Below are a few dozen voices from the early twentieth century, culled from Philipp Blom’s The Vertigo Years: Europe, 1900-1914. In an almost uncanny way their concerns aren’t much different than ours: there’s worry over the spread of new technology and its invasion into and cheapening of everyday life; a deep paranoia over changes in previously stable gender roles, with a resulting exaggeration of masculinity and a lashing out at even the hint of homosexuality; a faith in progress and the harnessing and collation of data, whether in science or culture, which leads either down the rabbit hole of racial theories and eugenics, or just in rigid artistic theories and groups. And there is a feeling of utter powerlessness in the face of science, culture, and rapid change, and our perpetual fear of civilization’s collapse. They are all right here, a hundred years ago:
Colonial Secretary Joseph Chamberlain: “I believe that the British race is the greatest of the governing races that the world has ever seen.” (24)
Poet Rudyard Kipling:
Far-called, our navies melt away;
On dune and headland sinks the fire;
Lo, all our pomp of yesterday
Is one with Nineveh and Tyre! (26)
Poet, novelist, playright Hugo von Hofmannsthal: “No understanding is possible between people, no discussion, no connection between today and yesterday: words are lying, feelings are lying, and our very consciousness is lying.” (44)
A young woman in one of Arthur Schnitzler’s novels: “They send you to school and see that you learn French and the piano and you spend the summers in the country,” she reflects about her upbringing. “But what’s happening inside me, what is tormented and frightened inside me, have they ever been interested in that?” They had not. In the context of a good society the very question was heretical. (57)
The New York Times, April 21, 1912: “Few New Yorkers realize that all through the roar of the big city there are constantly speeding messages between people separated by vast distances, and that over housetops and even through the walls of buildings and in the very air one breathes are words written by electricity.” (71)
Pierre Curie, accepting the Nobel Prize: “…It can even be thought that radium could become very dangerous in criminal hands, and here the question can be raised whether mankind benefits from knowing the secrets of Nature, whether it is ready to profit from it or whether this knowledge will not be harmful for it.
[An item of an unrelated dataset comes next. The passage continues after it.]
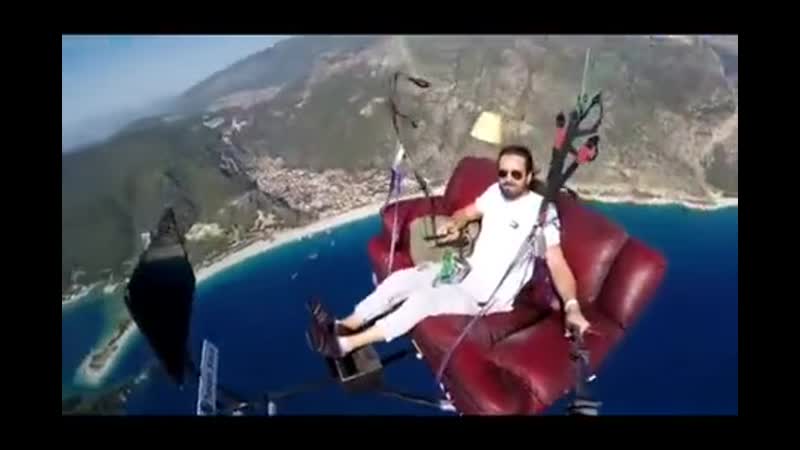 Мужик на параплане летает на диване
The example of the discoveries of Nobel is characteristic, as powerful explosives have enabled man to do wonderful work. They are also a terrible means of destruction in the hands of great criminals who lead the peoples towards war. I am one of those who believe with Nobel that mankind will derive more good than harm from the new discoveries.” (78)
Physicist Albert Michelson in 1899, only a few years before Einstein’s Theory of Relativity: “The more important and fundamental laws and facts of physical science have all been discovered, and these are now so firmly established that the possibility of their ever being supplanted in consequence of new discoveries is exceedingly remote… Our future discoveries must be looked for in the sixth place of decimals.” (81)
Aleksei Svirskii, on the poor of Russia: “Three days and two nights I passed among people who had fallen out of life. They are not living, these people, but moldering like charred logs left scattered after a fire. In the gloomy half-light of the dirty dives, in crowded, bug-infested flophouses, in the tearooms and taverns and the dens of cheap debauchery—everywhere vodka, women and children are sold—I encountered people who no longer resembled human beings.” (127)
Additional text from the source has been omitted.